A firefighter breaks down after the World Trade Center buildings collapsed after two hijacked airplanes slammed into the twin towers in a terrorist attack on Sept. 11, 2001.

(Mario Tama / Getty Images / September 11, 2001)

As this horrible morning breaks, as the first light falls on New York and Washington, falling on the rubble covering thousands of Americans murdered by terrorists, we are confronted by our obligations.

Tuesday was a day of numbness and horror as we watched those images on television, of the collapse of the World Trade Center towers in New York, of the Pentagon burning, of people leaping from the burning skyscrapers.

But today, Wednesday, that numbness must begin wearing off. It is getting old; it offers an escape, an excuse, a hiding place. And now there is work to do.

The first piece of work is the consideration of the dead.

The dead are Americans--perhaps tens of thousands--who were murdered simply because they were Americans. As such, they are our brothers, our sisters, ourselves.

We have an obligation to them, an obligation of blood between us now, especially now that we're wounded and angry and afraid.

Not since Pearl Harbor has there been an attack like this against us.

With anger and fear raging, it's natural for us to want to be rid of it. The way to that is to direct the military power of this country against those who attacked us.

The anger is easy, and fear will be there too. They will be available for a long time, waiting eagerly, as always, for us to run with them.

So we can always draw upon it, and we will, inevitably, when other mothers and fathers begin screaming, crying for their children in some lonely, dusty place across the world.

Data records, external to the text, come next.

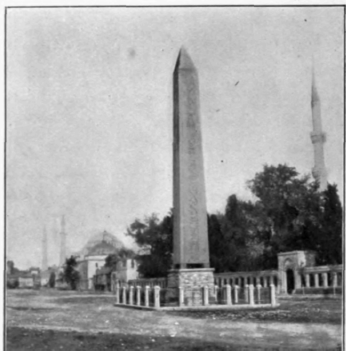 The Obelisk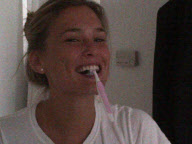Bar Refaeli in New York for Fashion Week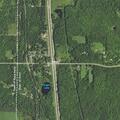 Smoke reported from house near highway intersection
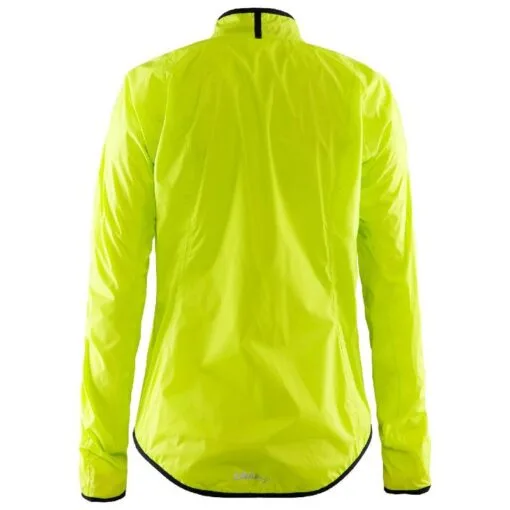 CRAFT Move Rain Jacket women, Flumino-back
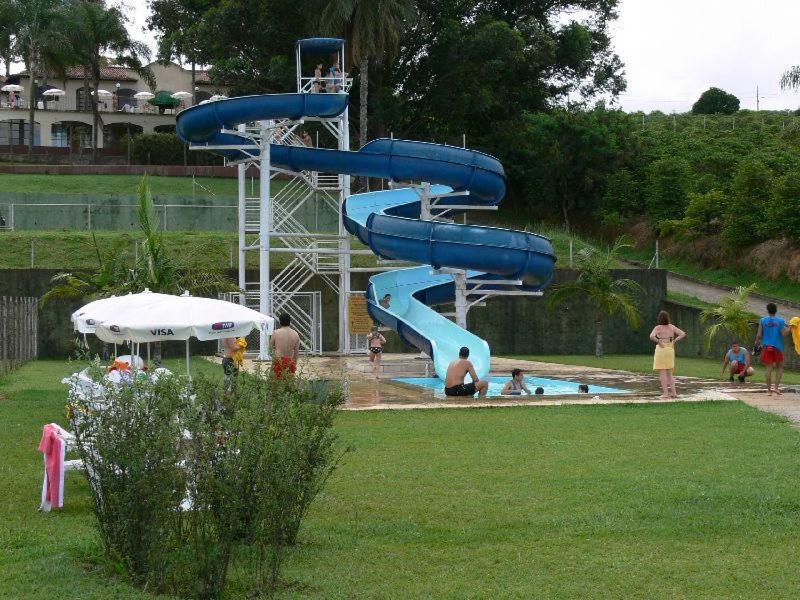 Hotel Fazenda São Matheus Serra Negra  Exterior foto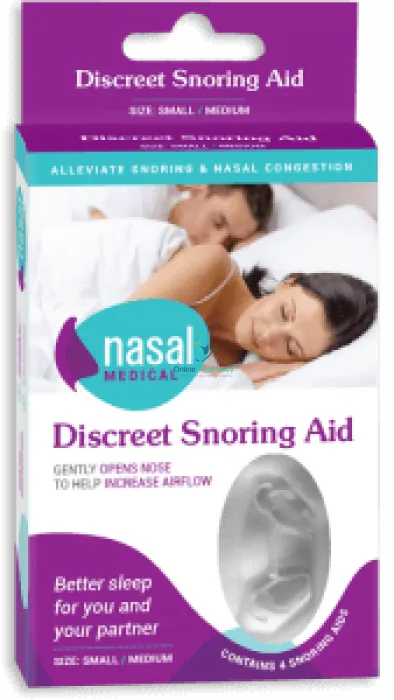 Discreet Snoring Aid - Small / Medium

You surely know that will happen. It is inevitable that other mothers and fathers will mourn their dead. It hasn't happened yet. But it will. It is coming. They know it.

Now, though, is not the time for that. We can wait, and consider and pause and reflect and take our time.

Because there is a job to do first, a task to accomplish before we give in to our passions.

Now is the time to take care of the living, to nurse them, to hold their families.

Now is the time to bury the dead, to mourn them, to pray for their souls and for this country.

These are the first priorities. This is what is important.

As this work is done, as the country passes beyond Tuesday's numbness into Wednesday's sorrow, we can begin to better understand what we must do and what we must not do.

What we must not do is blame. Blaming the government is easy. Wondering why the government couldn't prevent this evil launched against us is too easy.

Blaming is that special wind that fills politicians and TV types, who want to point fingers and fill dead airtime and push agendas.